* **Task to complete**
From the line containing "Curious bystanders watch" through the last line of the listing, output each line exactly as it stands. Omit pictures.

* **Collected data**

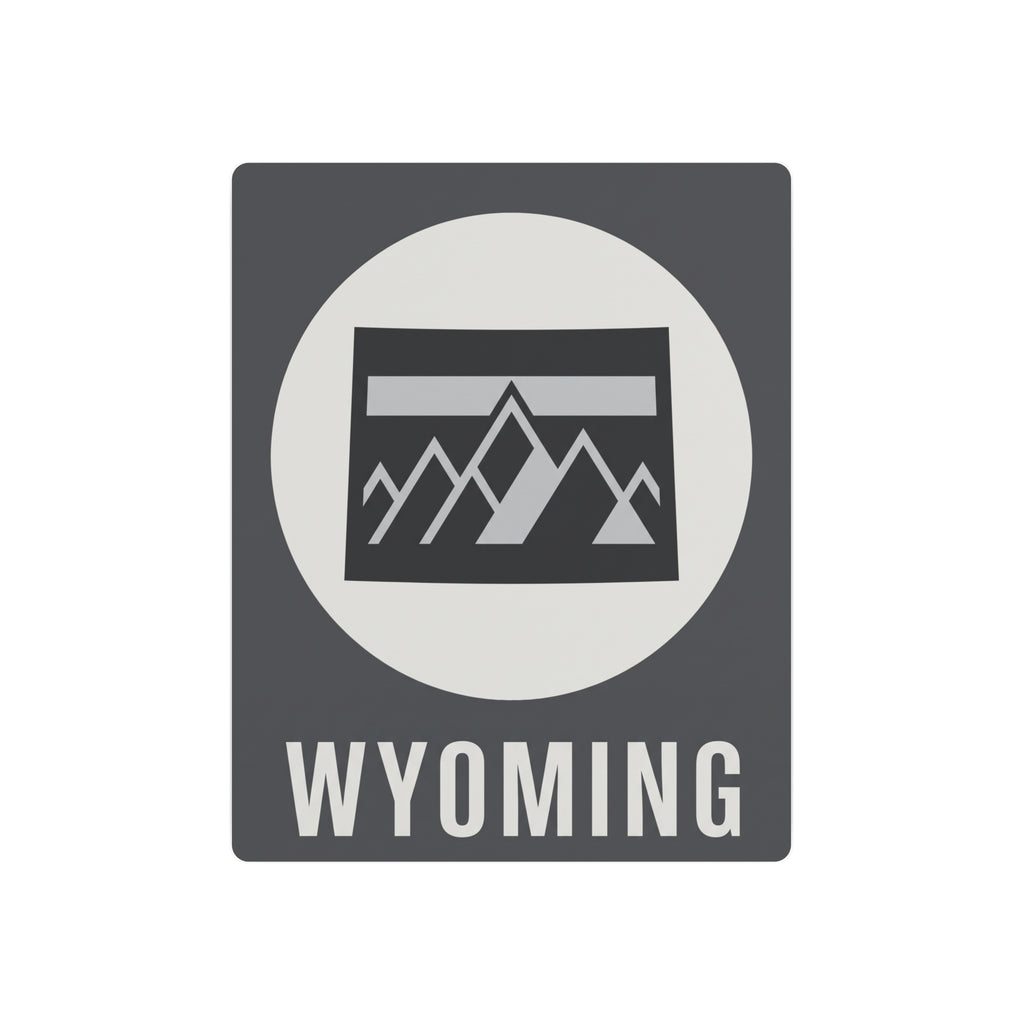 Wyoming metal wall sign with dark gray background, white circle, mountain graphic, and WYOMING text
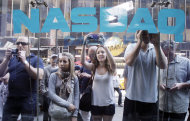 Curious bystanders watch through the Nasdaq windows as Facebook shares begin trading, Friday, May 18, 2012 in New York. The social media company priced its IPO on Thursday at $38 per share, and beginning Friday regular investors will have a chance to buy shares. (AP Photo/Richard Drew)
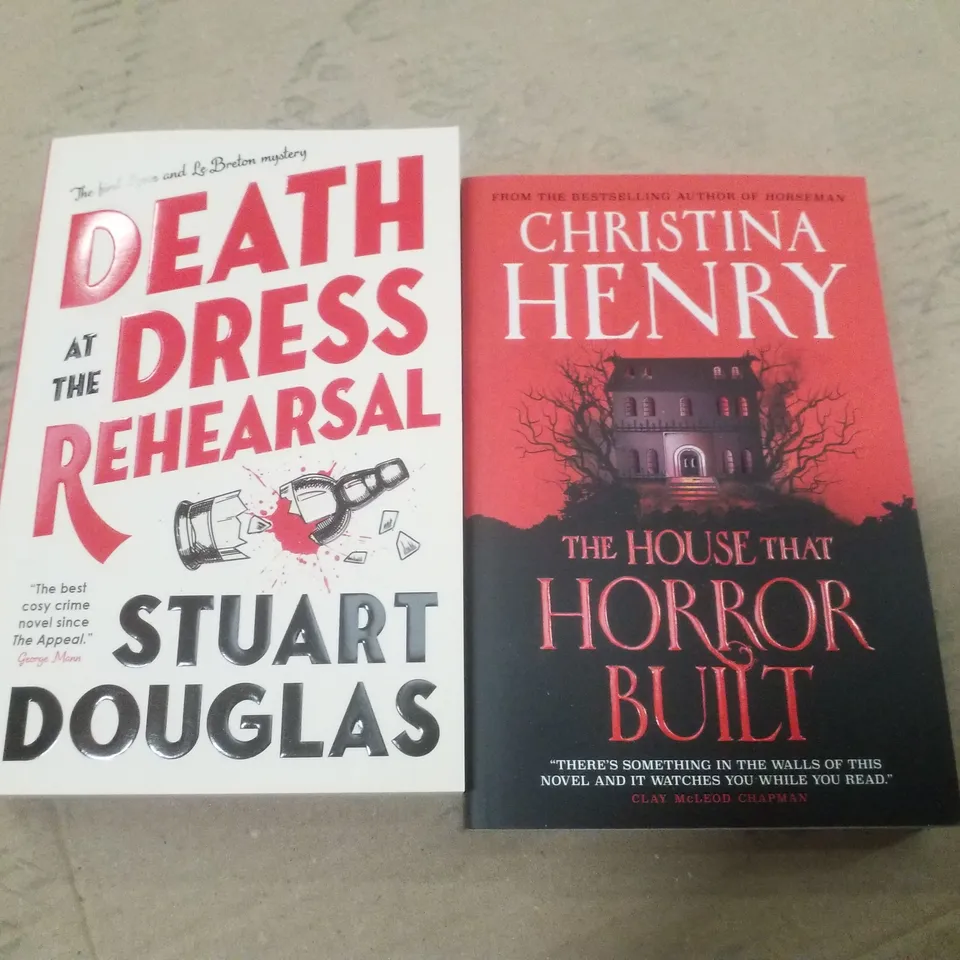 PALLET CONTAINING LARGE QUANTITY OF BOOKS INCLUDING DEATH AT THE DRESS REHEARSAL BY STUART DOUGLAS & THE HOUSE THAT HORROR BUILT BY CHRISTINA HENRY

* **Answer box**
 Curious bystanders watch through the Nasdaq windows as Facebook shares begin trading, Friday, May 18, 2012 in New York. The social media company priced its IPO on Thursday at $38 per share, and beginning Friday regular investors will have a chance to buy shares. (AP Photo/Richard Drew)
 PALLET CONTAINING LARGE QUANTITY OF BOOKS INCLUDING DEATH AT THE DRESS REHEARSAL BY STUART DOUGLAS & THE HOUSE THAT HORROR BUILT BY CHRISTINA HENRY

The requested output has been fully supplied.